Johnston Mayor Joseph Polisena and Town Planner Tom Deller offered updates on plans to end flooding issues on Belfield Drive during an interview at Town Hall on Tuesday morning.
Polisena said the town initially received a quote of about $86,000 to cover its costs for the project, which is being led by the Northern Rhode Island Conservation District, U.S. Department of Agriculture and National Resources Conservation District.
That figure dropped almost $20,000, but Deller brought a concern to Polisena’s attention. The cost associated with raising the telephone wires and poles on Belfield Drive is quoted at $10,000, which Deller saw as far too low. Polisena concurred with that assessment.
The mayor said he has put in calls to NRICD District Manager Gina DeMarco to receive permission to speak with the project engineers, hoping to use Tuesday or Wednesday of this week to set up a meeting.
“I’m not signing anything, the only thing I did approve to be signed was the permit, but I’m not signing anything till we know exactly what it’s going to cost the taxpayers,” Polisena said. “If that slows it down a bit, fine, I’m not going to sign anything blind. I don’t like to be blindfolded and sign something.”
Polisena also said he’s worried about the potential 30 percent cost overrun – which Deller explained is a contingency added “just in case the word changes” during estimating phases and figures climb.
“That’s a lot of money,” Polisena said. “I want to make sure that we don't overspend. These construction companies, the problem is, no matter what construction company it is – and I’m not naming any – but anybody that does work for any city or town, they think the cities and towns are cash cows. I just want to watch every dime because it’s the taxpayers’ money that we’re investing.”
Another issue Deller hopes to raise is that the project has been conformed to Rhode Island Department of Transportation standards, which adds an extra inch of asphalt when paving roadways.

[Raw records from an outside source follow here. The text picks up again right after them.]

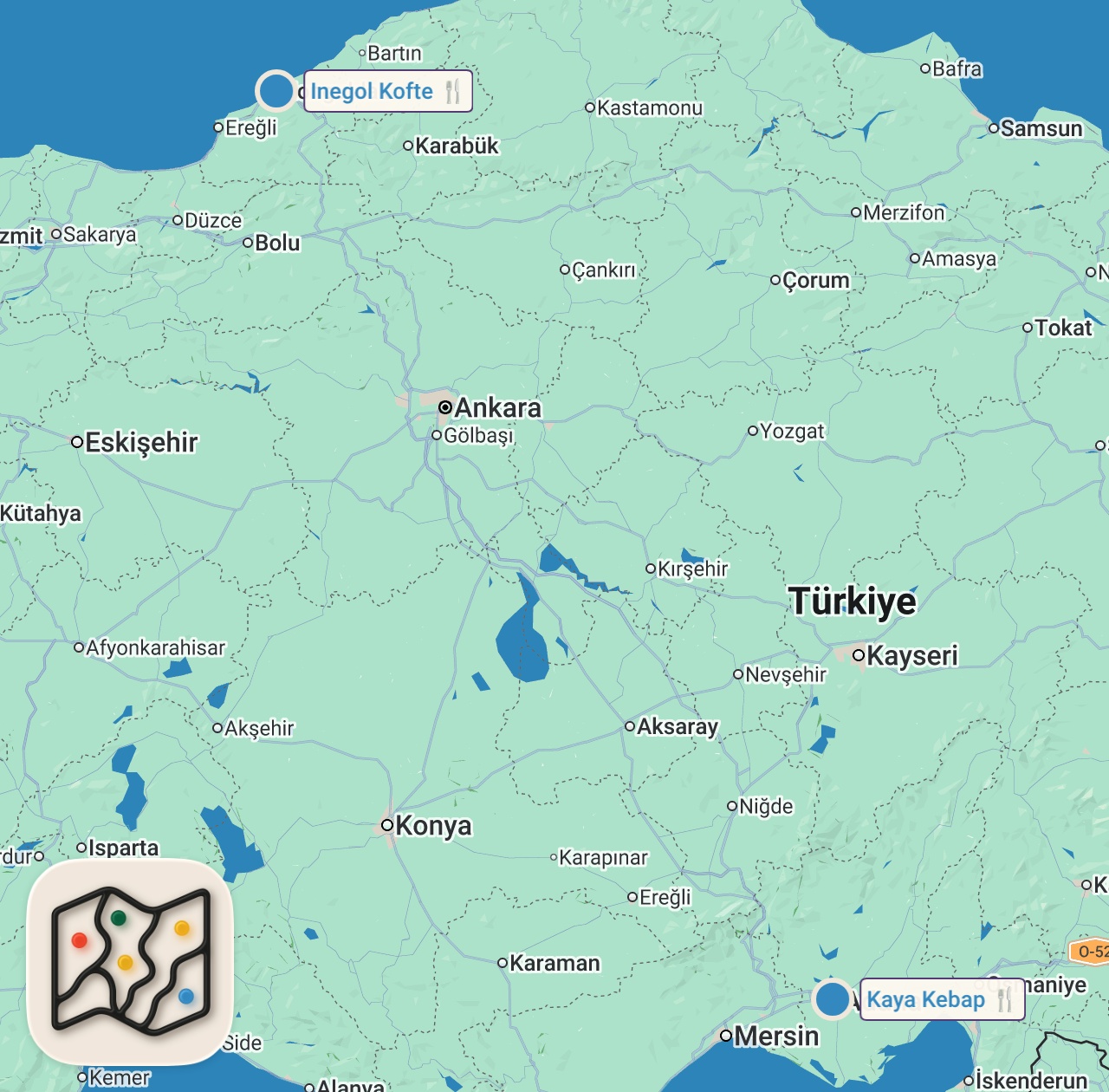 Map preview for İNEGÖL KÖFTE TARİFİ !!!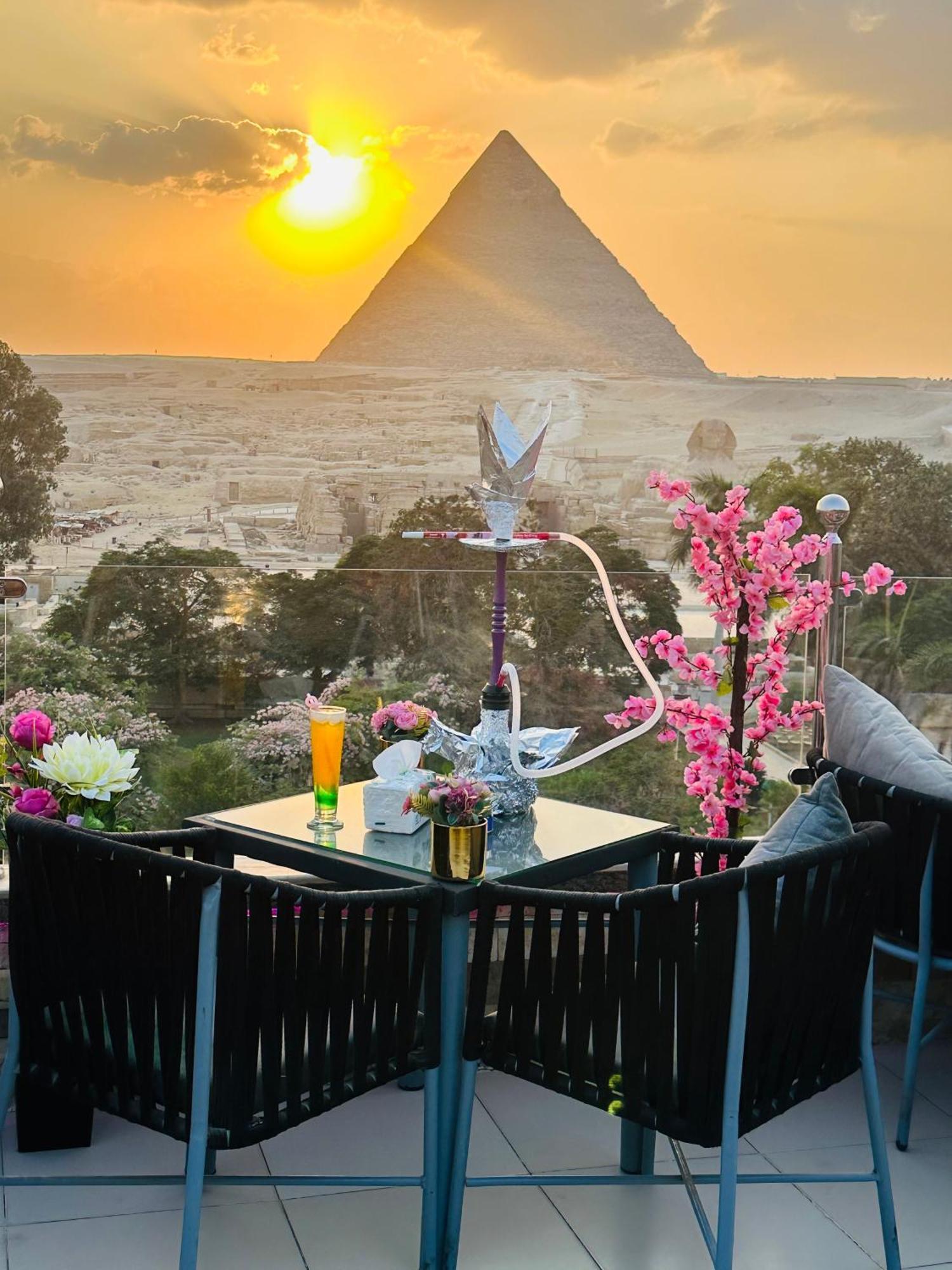 Hotel PANORAMA view pyramids Kafret el-Gabal Zewnętrze zdjęcie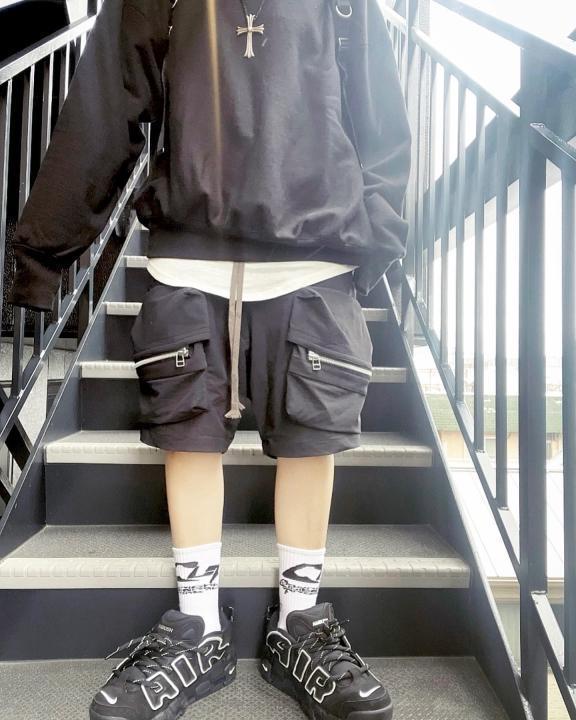 AMBUSH × Nike Air More Uptempo Low Black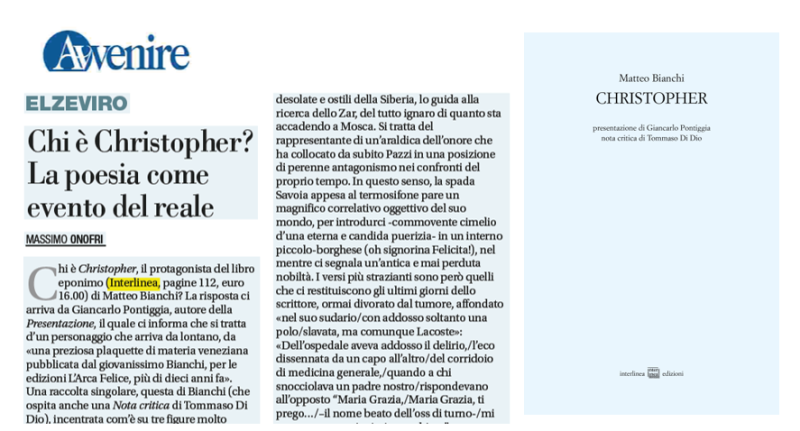 Chi è Christopher? La poesia come evento del reale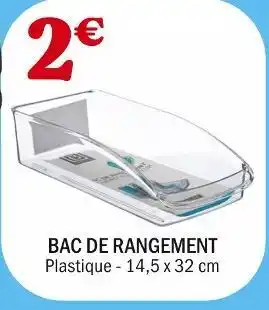 La Foir'Fouille Bac de rangement offre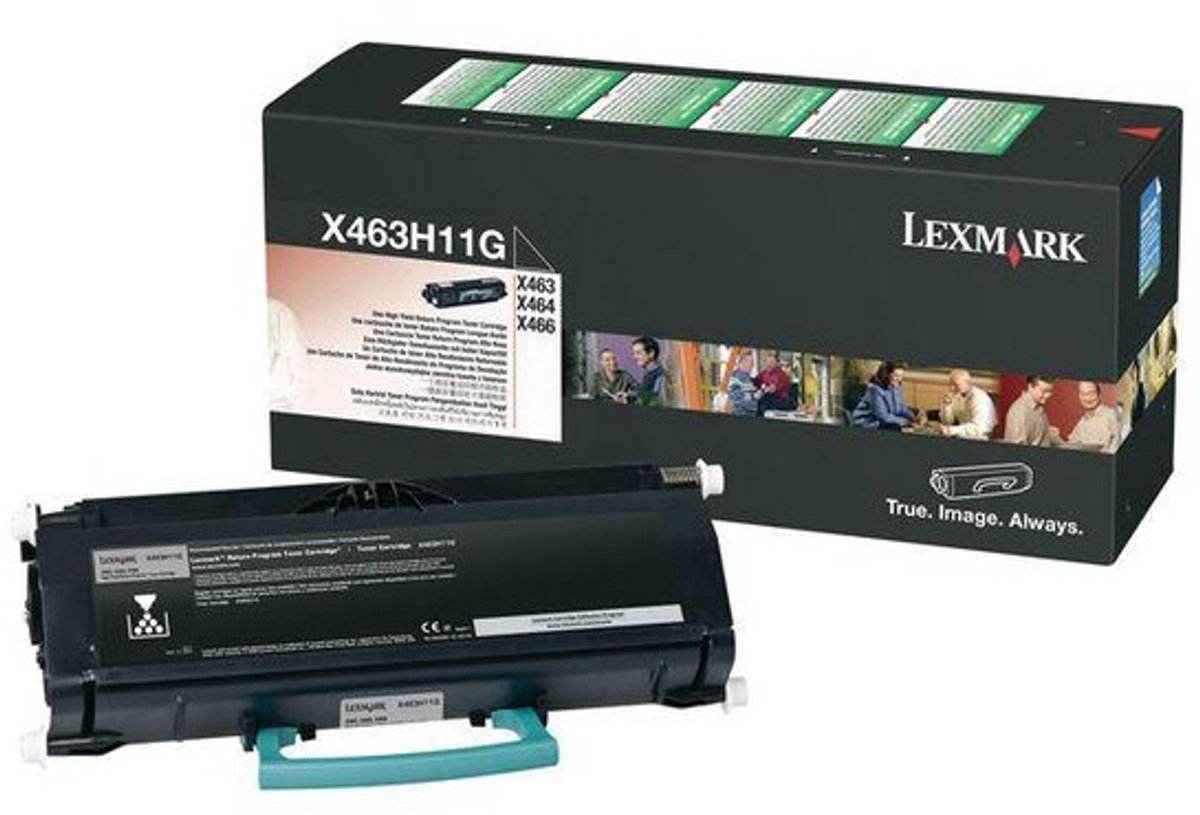 Lexmark Tonercartridge W850H21G zwart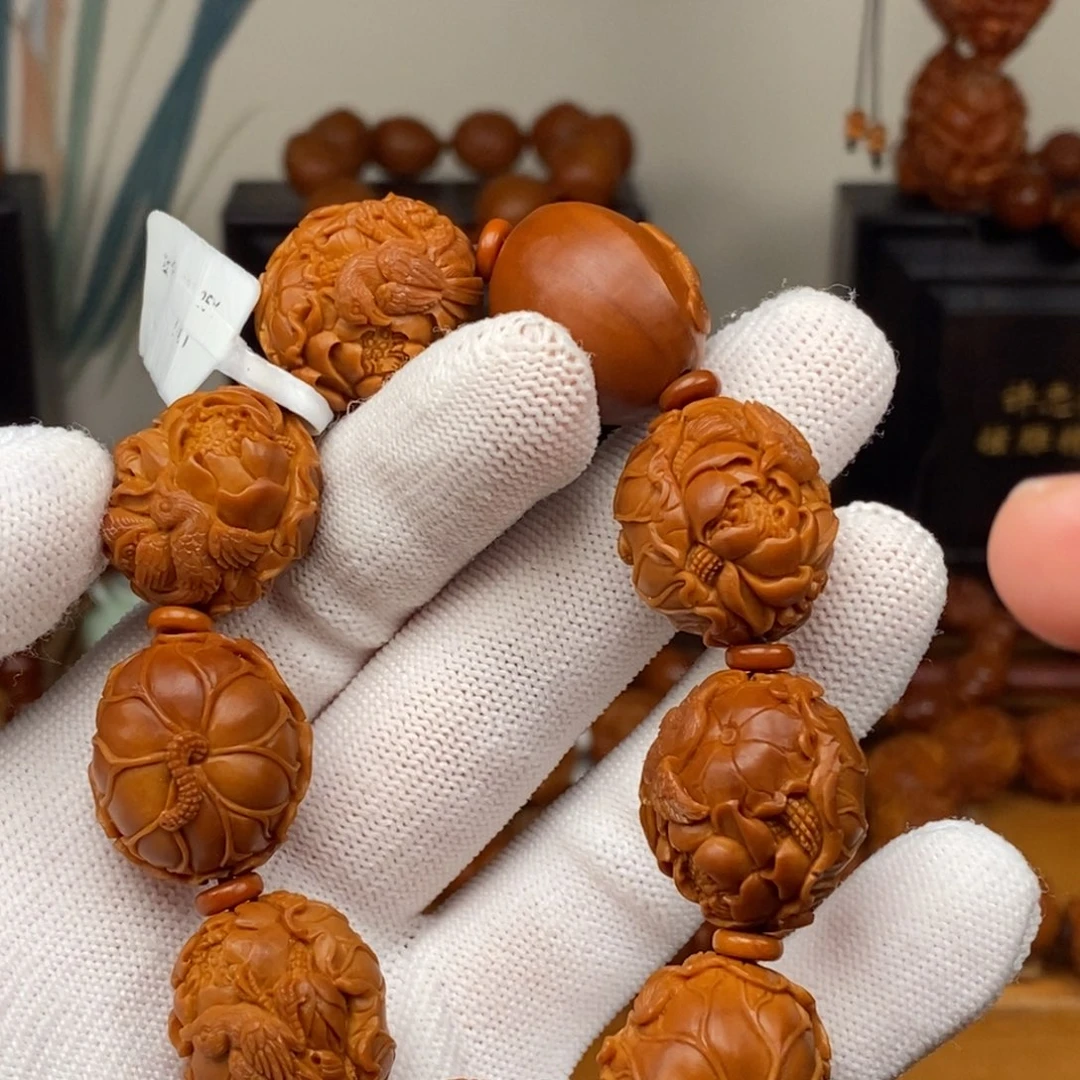 手串橄榄核曹华老师荷塘月色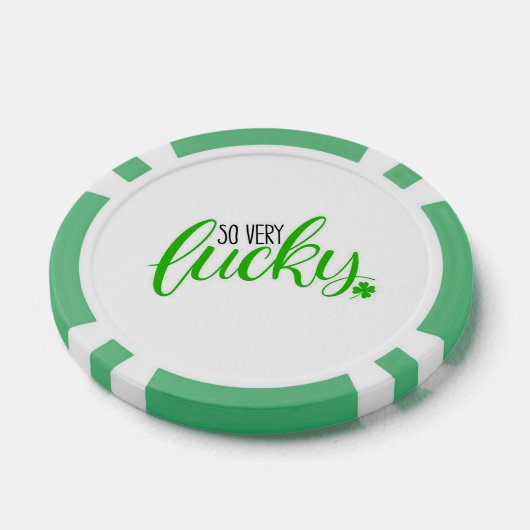 Also sehr glücklicher Poker Chip (Einzeln)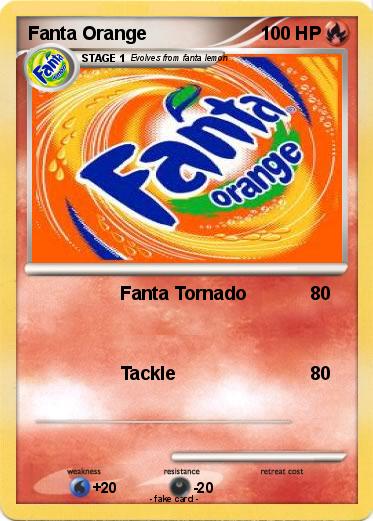 Pokemon Fanta Orange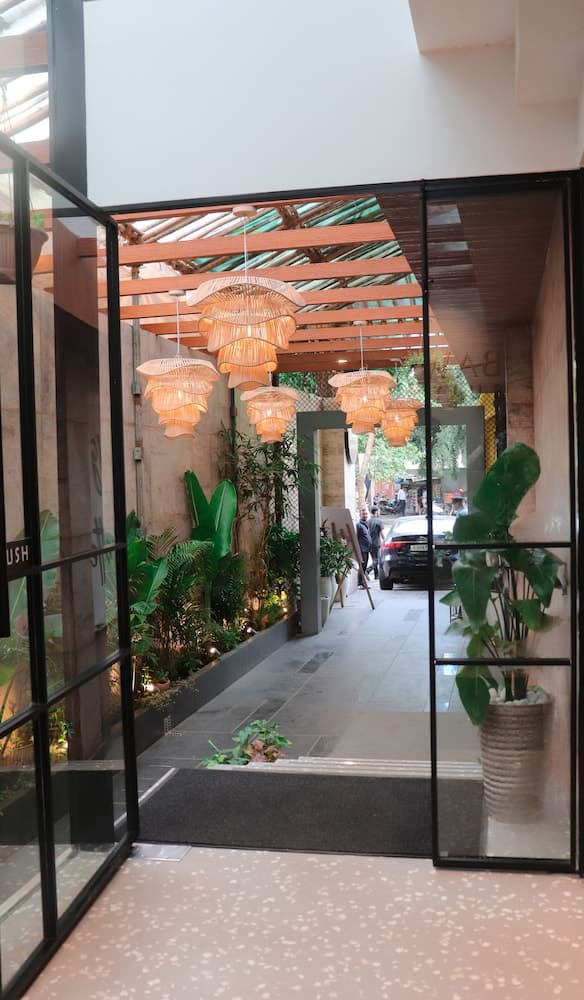 Konaklama yerinin ön cephesi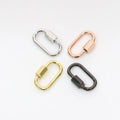 NEW Style High Quality 18K Gold Plated Square Shape Plain Screw Clasp Jewelry Findings Metal for Diy Jewelry Making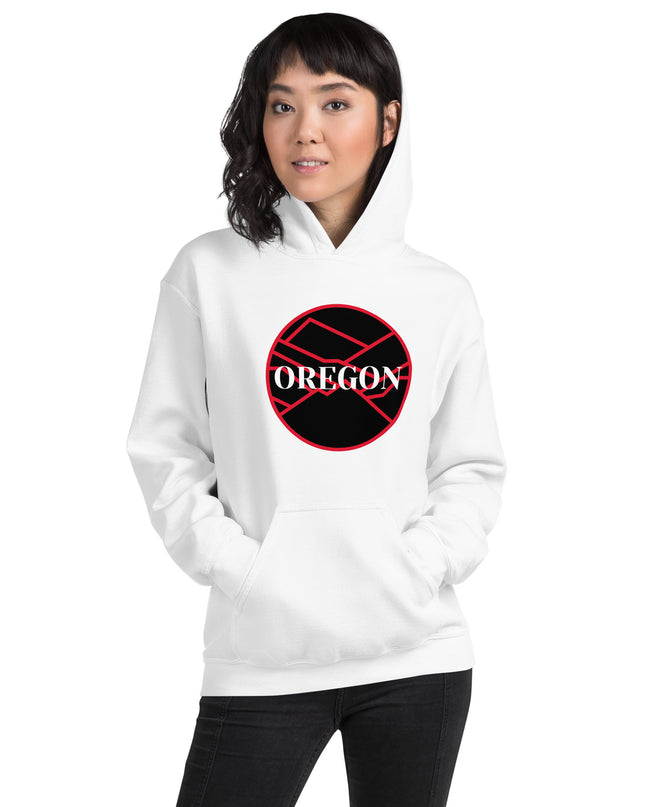 OREGON - Black/Red - Unisex Hoodie
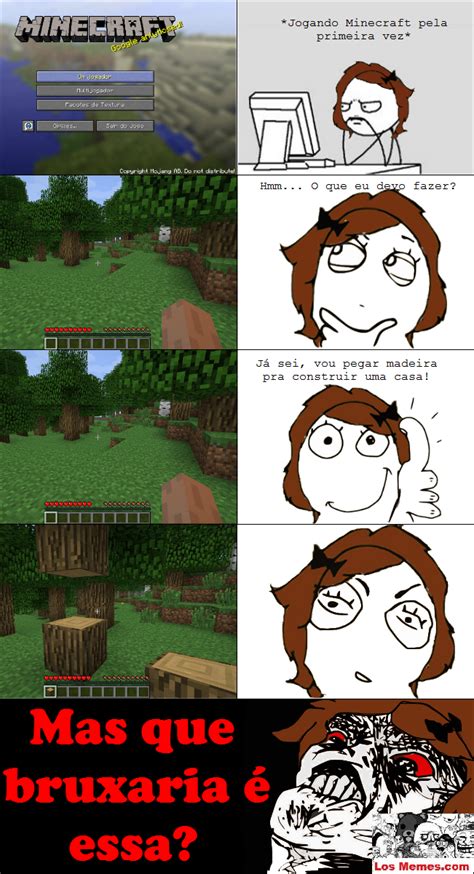 Los Memes Bruxaria Do Minecraft
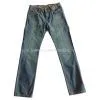 Man's Jeans With Sandblast and Monkey Wash, Black Denim photo-3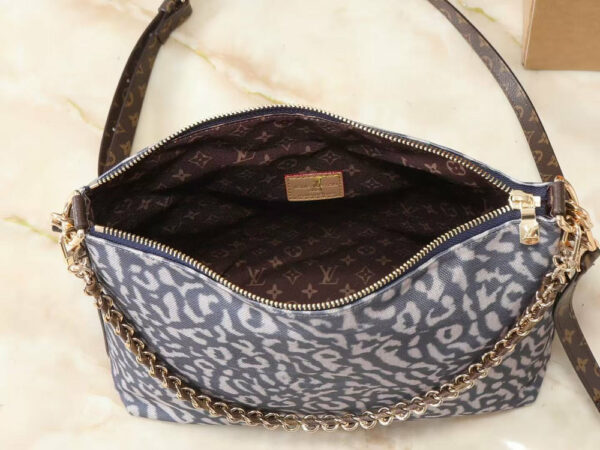 LV Multipass Bag Monogram Jacquard Denim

The town roads, Deller said, are comprised of 1½ inches of a base and the same amount as a finish, totaling 3 inches. The state guidelines add an extra inch of base to bring it up to 4 inches, a number on which Polisena said he would not sign off.
“They have all those heavy trucks on it. This isn’t someone driving to the landfill, this is a neighborhood,” Deller said of Belfield Drive. “We’re going to have residential traffic, an occasional moving truck, and that kind of base can handle that.”
USDA State Engineer Alan Gillespie said during a press conference announcing the joint plan in June that Phase 1 was slated for completion in the fall. The first steps would include the removal of a home and relocation of residents at 68 Belfield Drive. Deller said the home will be razed and the land likely converted into an area resembling a retention pond.
Gillespie said that design plans for the future of the roadway would also be in the pipeline for Phase 1, which carries an overall cost of $650,000. Deller said that a company may be selected this fall, but any work on Belfield Drive would probably not commence until spring. He noted there are several steps, such as submitting plans and receiving a motion to proceed, before ground can be broken.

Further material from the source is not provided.